An Adaptive and Robust Method for Multi-Trait Analysis of Genome-Wide Association Studies Using Summary Statistics

Adaptive Robust Method for Multi-trait Genome-wide Association Studies

Abstract: Genome-wide association studies (GWAS) over the past decade have identified thousands of genetic variants associated with human traits or diseases. However, the heritability of many traits remains largely unexplained. Traditional single-trait analysis methods are overly conservative, while multi-trait methods improve statistical power by integrating association evidence from multiple traits. GWAS summary statistics are usually publicly available, so methods using only summary statistics have greater potential for use. To address the inconsistent performance, low computational efficiency, and numerical issues when considering a large number of traits in developed multi-trait analysis methods, we propose an adaptive Fisher method for multi-trait analysis of summary statistics (MTAFS), which is computationally efficient and statistically robust.

Research Background: Genome-wide association studies (GWAS) have played an important role in studying the correlation between genetic variants and complex diseases. However, when a genetic variant is associated with multiple traits, single-trait analysis may lead to loss of statistical power. Given this, developing methods capable of jointly analyzing multiple traits has become increasingly urgent.

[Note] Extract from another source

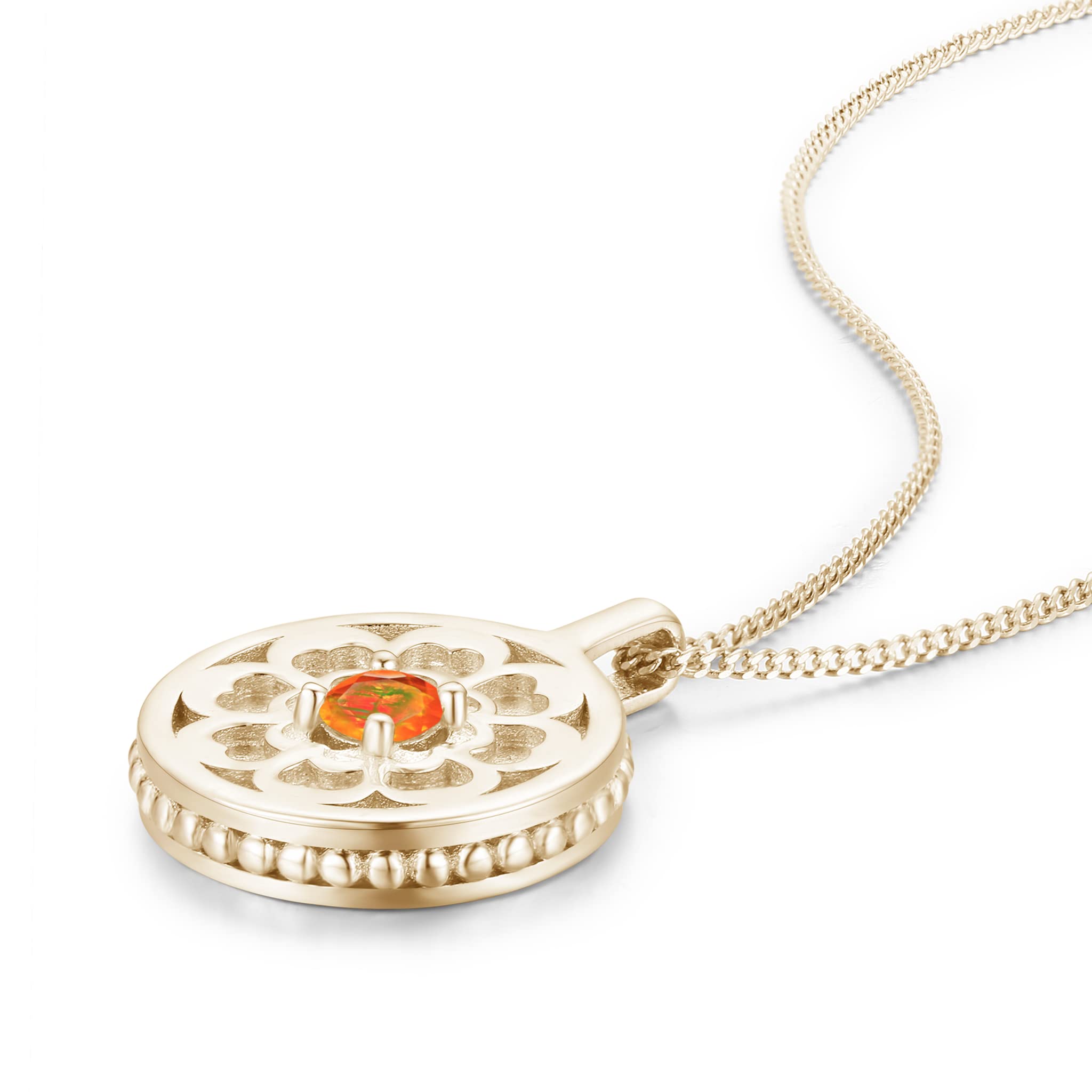 Orange Fire Opal Coin Necklace Pendant - Personalized Custom Initial Engraved Medallion - Alternative October Birthstone Jewelry for Women - Perfect Gift for Birthday, Anniversary & Special Occasions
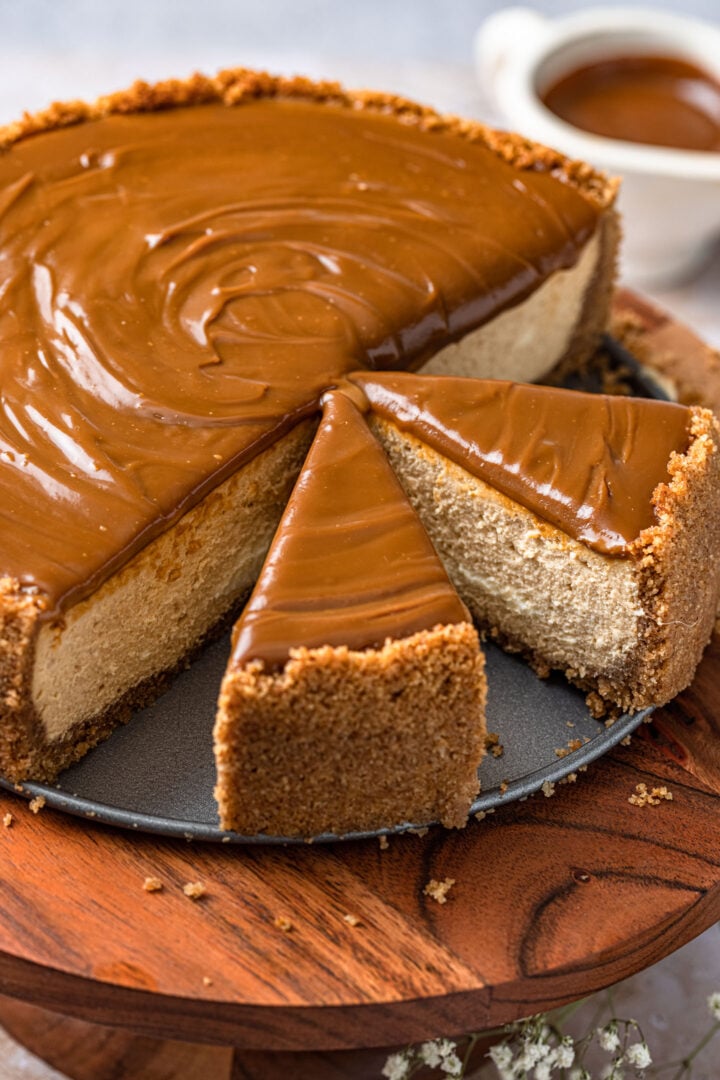 Two slices of dulce de leche cheesecake.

Research Source: This study was conducted jointly by Qiaolan Deng, Chi Song, and Shili Lin, affiliated with the Division of Biostatistics, College of Public Health, and the Department of Statistics, College of Arts and Sciences, at The Ohio State University. The research findings were published in the European Journal of Human Genetics (2024), Volume 32, pages 681-690.

Research Details: a) The research process details an adaptive Fisher method for multi-trait analysis of summary statistics (MTAFS). This process includes eigendecomposition of Z-scores for decorrelation, calculation of P-values for each individual trait, and use of the Cauchy method to combine joint evidence from multiple trait analyses.

b) Research results show that MTAFS performs robustly in various background settings, controls type I errors, effectively handles a large number of traits, and demonstrates advantages compared to existing multi-trait methods.

c) Conclusions and research significance elaborate on MTAFS’s progress in statistical and computational efficiency, as well as its potential advantages in explaining associations between specific traits and genetic variants.

d) Research highlights focus on the novelty of MTAFS, aiming to address some key issues in multi-trait analysis, such as efficiency, robustness, and the ability to handle a large number of traits.

Importance and Value: MTAFS provides a new tool for analyzing multi-trait correlations in GWAS. Its research value lies not only in scientific insights into the genetic mechanisms of complex traits but also in potential contributions to future personalized medicine and the prediction and treatment of complex diseases. Through application to the UK Biobank’s brain imaging-derived phenotypes (IDPs) dataset, the method has demonstrated its effectiveness in practical research.


This paper not only contributes a new data analysis method to the field of genomic research but also confirms the advantages of multi-trait analysis methods in statistical power and computational efficiency in large-scale GWAS studies. As part of an open-source R package, MTAFS provides researchers with an effective tool to easily implement the method and apply it to their own datasets.